Not necessarily. On a Linux-based system, you're actually going to be operating on inodes rather than path names, so once you have a handle to a file, changing the path to it isn't going to affect your ability to interact with it. Just make sure that your new directory is set up so that the same request for the same target file ends up requesting the same inode and you shouldn't notice any problems.
"Just make sure that your new directory is set up so that the same request for the same target file ends up requesting the same inode"

If that is your goal, why do the mv at all?

...until your program needs to work with more than one file and the two are related in some way or opens 'the same file' twice.

For example, your compiler could fetch file X from the 'old' directory and file Y from the 'new' one, or your web server could log that it fetched file Z (which does not exist in the 'new' directory) to a log file in the 'new' directory.

It may be possible to mitigate this by requiring everybody to access all fils true a directory you opened atomically for them, but even if it is: good luck enforcing that rule, especially when using third party libraries.

But what if you don't have a handle to a file? Say you have index.php, which includes stuff.php. Order of operations:

  1. Server opens (old) index.php and begins executing
  2. Symlink swap
  3. Interpreter gets to the line that includes stuff.php, and then opens the *new* file
That's precisely why the classical PHP model is kinda stuffed under this situation.

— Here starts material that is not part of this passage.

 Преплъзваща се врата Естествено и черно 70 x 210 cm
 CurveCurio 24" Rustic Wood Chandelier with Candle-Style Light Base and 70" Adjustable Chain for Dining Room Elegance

If you want to stick with the traditional disc-read-per-request model, I'd be interested to see if something like a blue/green code deployment could work. You'd have two separate html roots - say, with /var/www/blue being current. You deploy your new code to /var/www/green, update httpd.conf to point there, then SIGHUP apache. The next deployment would switch back from /var/www/green to /var/www/blue. That way every request sees a consistent deployment from start to end.

If you use relative paths 3 will include old file. I'm not sure if that's a problem in PHP, but everything I used handled that fine.